Mayer quotes Gary Solis, a retired law professor who designed and taught the Law of War for Commanders curriculum at West Point as saying that under both U.S. and international law, “Jack Bauer is a criminal. In real life, he would be prosecuted.” Yet many of his students—and many soldiers and many viewers—say, “Whatever it takes.”

According to most terrorism experts, the “ticking time bomb” situation almost never occurs. Joe Navarro, one of the F.B.I.’s top experts in questioning techniques, said in reference to Bauer’s calm demeanor after torturing someone: “Only a psychopath can torture and be unaffected. You don’t want people like that in your organization. They are untrustworthy and tend to have grotesque other problems.” Navarro, who has conducted some 12,000 interrogations, said that “torture was not an effective response.”

“The notion that physical coercion in interrogations is unreliable,” writes Mayer, “although widespread among military intelligence officers and F.B.I. agents, has been firmly rejected by the Bush Administration.”

Tony Lagouranis, a former Army interrogator in the war in Iraq, said that DVDs of “24” circulate widely among the soldiers there, and he knew of instances in which interrogators copied a technique they saw on the show. However, he said, “In Iraq, I never saw pain produce intelligence.”

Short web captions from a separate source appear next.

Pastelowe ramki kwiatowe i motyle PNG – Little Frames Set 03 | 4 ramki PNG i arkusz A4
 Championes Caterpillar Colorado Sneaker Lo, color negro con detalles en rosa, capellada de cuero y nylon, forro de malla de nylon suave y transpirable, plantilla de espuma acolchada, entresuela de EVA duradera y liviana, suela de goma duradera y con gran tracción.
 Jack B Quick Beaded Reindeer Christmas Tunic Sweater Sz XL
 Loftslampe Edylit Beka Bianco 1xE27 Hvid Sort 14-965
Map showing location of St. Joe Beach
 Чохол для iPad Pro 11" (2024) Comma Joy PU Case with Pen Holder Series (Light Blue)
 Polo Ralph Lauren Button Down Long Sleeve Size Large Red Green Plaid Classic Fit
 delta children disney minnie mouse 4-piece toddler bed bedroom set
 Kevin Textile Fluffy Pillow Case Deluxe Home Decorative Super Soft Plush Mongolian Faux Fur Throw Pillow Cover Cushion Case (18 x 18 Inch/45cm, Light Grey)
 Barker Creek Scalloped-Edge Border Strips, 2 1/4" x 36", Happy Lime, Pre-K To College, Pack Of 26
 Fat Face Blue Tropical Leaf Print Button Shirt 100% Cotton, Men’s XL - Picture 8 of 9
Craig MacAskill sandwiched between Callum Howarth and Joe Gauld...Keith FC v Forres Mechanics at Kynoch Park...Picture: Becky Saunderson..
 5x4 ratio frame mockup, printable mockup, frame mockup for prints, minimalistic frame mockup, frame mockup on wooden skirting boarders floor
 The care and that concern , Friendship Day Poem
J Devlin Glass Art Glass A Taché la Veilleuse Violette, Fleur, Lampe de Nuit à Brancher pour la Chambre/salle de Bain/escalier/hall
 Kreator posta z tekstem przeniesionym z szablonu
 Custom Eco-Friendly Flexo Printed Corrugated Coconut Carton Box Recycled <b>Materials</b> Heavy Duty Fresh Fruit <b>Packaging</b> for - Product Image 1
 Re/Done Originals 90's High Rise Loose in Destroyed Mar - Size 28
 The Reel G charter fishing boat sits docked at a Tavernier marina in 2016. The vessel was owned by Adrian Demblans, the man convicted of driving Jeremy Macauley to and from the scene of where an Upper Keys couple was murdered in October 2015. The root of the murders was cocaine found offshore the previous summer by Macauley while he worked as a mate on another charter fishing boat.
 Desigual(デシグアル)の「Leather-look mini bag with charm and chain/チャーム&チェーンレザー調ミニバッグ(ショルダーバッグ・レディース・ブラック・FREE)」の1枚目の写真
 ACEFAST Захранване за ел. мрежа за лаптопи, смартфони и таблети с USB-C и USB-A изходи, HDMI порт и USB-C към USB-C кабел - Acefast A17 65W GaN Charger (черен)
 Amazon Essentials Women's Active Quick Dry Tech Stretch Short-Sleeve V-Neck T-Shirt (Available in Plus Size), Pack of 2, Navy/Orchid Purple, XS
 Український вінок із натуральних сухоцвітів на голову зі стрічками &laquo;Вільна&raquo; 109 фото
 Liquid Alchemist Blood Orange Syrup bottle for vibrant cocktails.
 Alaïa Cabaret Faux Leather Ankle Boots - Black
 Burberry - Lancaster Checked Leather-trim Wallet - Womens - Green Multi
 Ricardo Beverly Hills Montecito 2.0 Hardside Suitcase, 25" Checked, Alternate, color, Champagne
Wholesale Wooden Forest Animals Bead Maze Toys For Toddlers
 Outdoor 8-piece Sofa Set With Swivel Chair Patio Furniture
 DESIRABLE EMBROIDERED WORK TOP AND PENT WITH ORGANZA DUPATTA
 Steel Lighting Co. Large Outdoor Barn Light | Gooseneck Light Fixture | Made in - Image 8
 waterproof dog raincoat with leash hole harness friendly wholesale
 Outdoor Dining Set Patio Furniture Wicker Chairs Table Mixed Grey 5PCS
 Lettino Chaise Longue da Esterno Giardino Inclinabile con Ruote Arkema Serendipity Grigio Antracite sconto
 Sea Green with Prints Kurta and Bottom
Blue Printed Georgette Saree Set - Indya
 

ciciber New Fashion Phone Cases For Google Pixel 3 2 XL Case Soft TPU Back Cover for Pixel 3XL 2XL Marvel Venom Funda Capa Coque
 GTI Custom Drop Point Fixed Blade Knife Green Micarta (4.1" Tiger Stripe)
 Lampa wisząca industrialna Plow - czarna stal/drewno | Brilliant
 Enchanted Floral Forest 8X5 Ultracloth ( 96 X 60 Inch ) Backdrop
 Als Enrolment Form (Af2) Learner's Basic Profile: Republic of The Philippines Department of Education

Lagouranis said that the U.S. military and the F.B.I. teach real intelligence professionals to use “rapport-building,” the slow process of winning over informants, which is the method that generally works best.

Despite the testimony of these experts to the team that creates “24,” it is doubtful the show will make many changes because of it. It makes a lot of money for Fox, and Joel Surnow, the show’s co-creator and executive producer, is a self-proclaimed conservative who also wants to make a show that presents Senator Joseph McCarthy in a positive light.

We, at least, can learn to be more discerning viewers and not accept what TV shows use as real or necessary. Watch how you watch.